Sustainment of Investment.
Additionally, USCIS interpretations of EB-5 laws and regulations state that an investor must sustain the “at risk” nature of his or her investment with resulting job creation during the entire period of conditional permanent residency. Visa unavailability may significantly delay the period of an investor’s conditional permanent resident status and thus extend the time throughout which the investor must sustain the investment and created jobs. If invested funds are liquidated from the relevant enterprises or created jobs are lost before an investor’s conditions are removed, USCIS could deny removal of conditions. USCIS has issued draft policy suggesting that unexpected loss of jobs or liquidation of funds from the job creating enterprise after the requisite jobs have been created might not result in loss of benefits as long as the new commercial enterprise re-deploys the liquidated capital in other “at risk” investments, but the policy has not been finalized and lacks critical details. Re-deployment creates new risks of loss of the investment even if immigration benefits are retained.

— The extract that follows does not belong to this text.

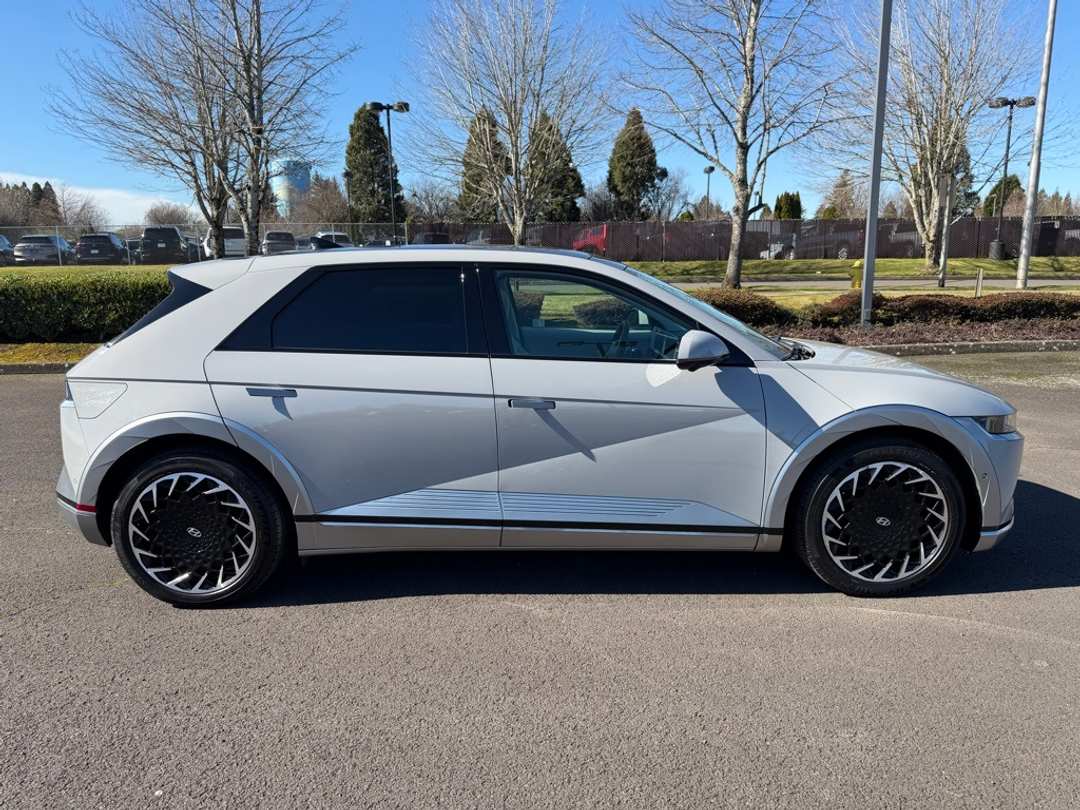 2024 Hyundai Ioniq 5 Limited - Image 9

The wait for a visa number for an investor born in mainland China (and without an immigrating spouse born elsewhere) seems likely to be six years or more. Chinese investors seeking to benefit children older than age 16, or possibly even younger, might be sorely disappointed and might need to consider a different strategy.

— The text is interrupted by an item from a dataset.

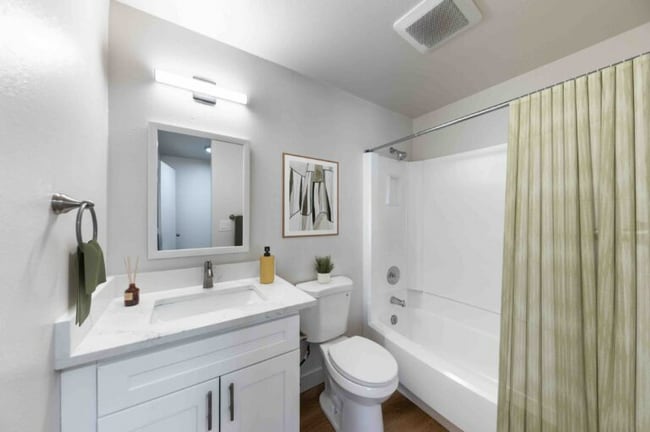 Photo - 1617 N Virginia St Unit 37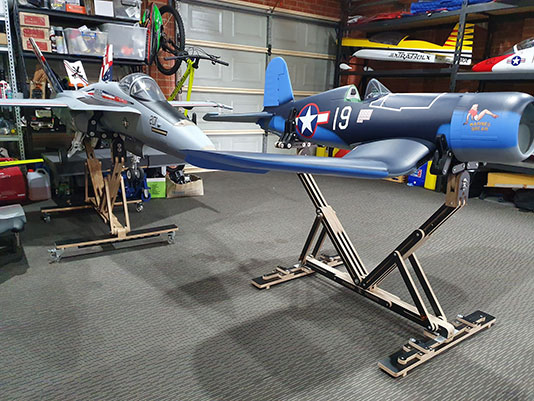 RC model aeroplane stand and support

Securities issuers need to disclose these age-out and eligibility risks to prospective EB-5 investors, who otherwise may be lulled into complacency by the Visa Bulletin that appears to reflect a two-year waiting period. And USCIS and congress need to take action to provide more protection of the reasonable expectations of today’s and yesterday’s investors and their children. Congress needs to change the law to provide more EB-5 visa numbers (such as by no longer counting family members against the cap; to protect the expectations of investors who already will have invested and filed petitions from ineligibility that otherwise could occur if the regional center program is not renewed; to lock in a child’s age under 21 at the time of filing an I-526 petition. Even without a change in law USCIS should improve and finalize its draft policy protecting investors from unreasonable implications of its current requirement to "sustain the investment"; and change regulations to allow adjudication of an EB-5 petition as filed, despite subsequent project changes, and allow investors to carry their place in the visa queue from that petition to any subsequent petition needed to cover any material changes.